Question on HW2.1

[yusunchina]

I was, out of curiosity, trying to derive an exact theoretical expression for the expected value of v_min, and this is what I got (apologies for the poor typesetting):

E( #heads_min ) = sum from i=0 to i=10 ( P(#heads_min = i) * i )
P(#heads_min = i) = 1000 * P( one gets i intersect the others get >= i)
for which *1000 means that out of the 1000 trials, I choose one trial to be the minimum head trial.

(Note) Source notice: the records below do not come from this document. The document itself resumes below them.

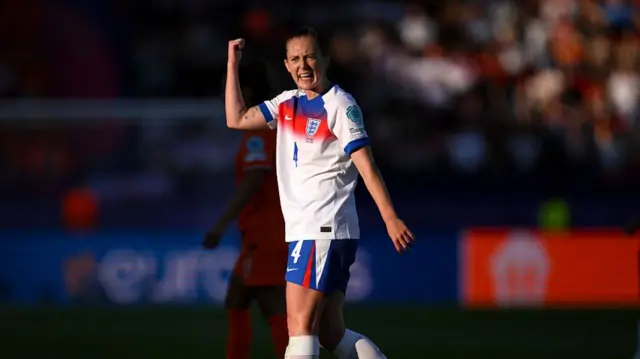 Keira Walsh of England reacts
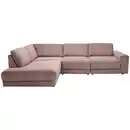 Bild 1 von Niels Andersson Ecksofa Niels Andersson, Altrosa, Textil, 3-4-Sitzer, Ottomane links, L-Form, 316x242 cm, Goldenes M, Typenauswahl, Stoffauswahl, Wohnzimmer, Sofas & Couches, Wohnlandschaften, Ecksof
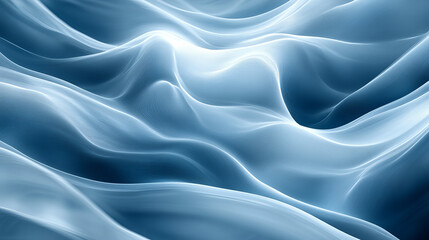 Fototapeta premium Abstract flowing blue fabric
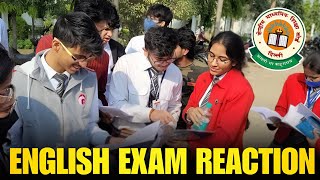 Class 12 English Exam Reaction 🥺  Class 12  Cbse Latest News  Board Exam 2024 [upl. by Heppman]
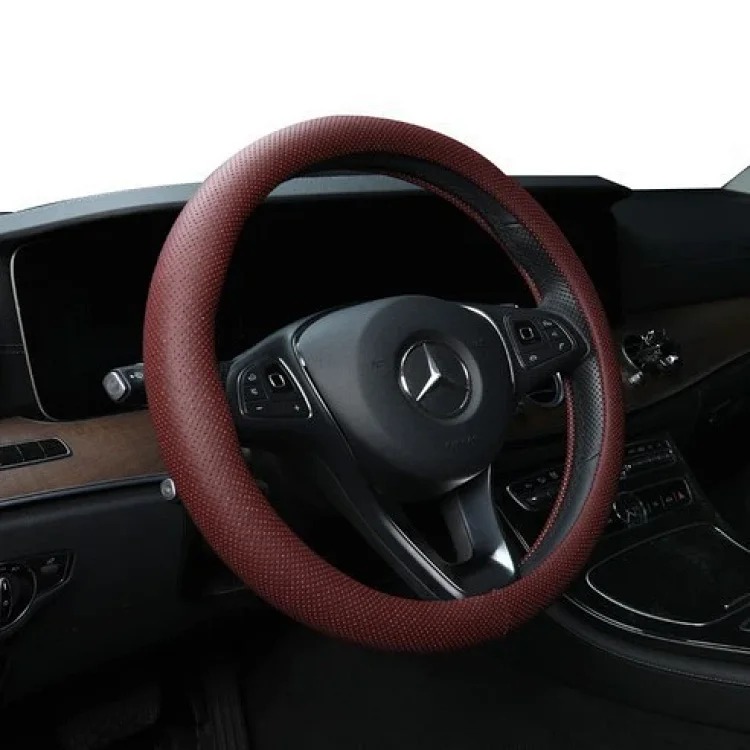 Manufacturer wholesale Korean car steering wheel cover Cross-border Amazon new four-season leather universal car handle cover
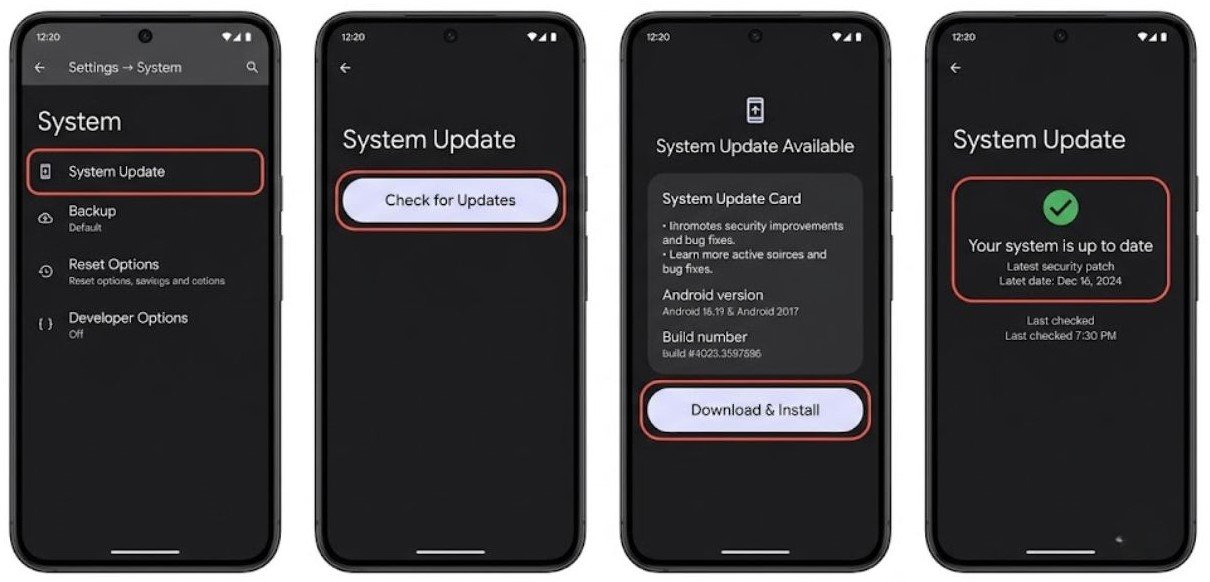 Check for System Updates
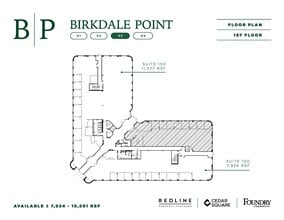 8900 NorthPointe Executive Park Dr, Huntersville, NC à louer Plan d’étage– Image 1 sur 1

P( one gets i intersect the others get >= i)
= P( one gets i ) * P(others get >= i)
= p(i, 10, 0.5) * [1 - F(i-1, 10, 0.5)] ^ 999
for which p is the probability mass function and F is the cumulative mass function, with parameters (number successes, total number, prob. of success). I used i-1 for F since >= i includes i itself.

and this expression yielded the result E( #heads_min ) = 3.6814, and expected v_min is thus 0.36814, which is incorrect.
Would anyone please point to me where my mistake is? I would really really appreciate it!

Here is the R code I used for the calculation:

phmin = function(i) {
u = 0.5 # probability of head
N = 10 # number of flips per trial
m = 1000 # number of trials
one_min = dbinom(i, N, u)
others_more = pbinom(i-1, N, u, lower.tail = FALSE) ^ (m-1)
return(1000 * one_min * others_more)
}

ivals = (0:10)
expect_hmin = sum(phmin(ivals) %*% ivals)
expect_hmin / 10

[yaser]

Quote:

Originally Posted by yusunchina

P(#heads_min = i) = 1000 * P( one gets i intersect the others get >= i)

This formula assumes that the events "one gets i intersect the others get >= i" (with the "one" fixed at one coin at a time) are disjoint, otherwise this would be an over-count. These events are in fact overlapping. For instance, the case where all the coins get exactly i (which is admittedly an extremely unlikely event but chosen here as a simple illustration) would be counted in all 1000 cases, although it happens only "once."

[yusunchina]

Thank you so much, this clears it up exactly and I changed it and got the correct answer! I'll keep working.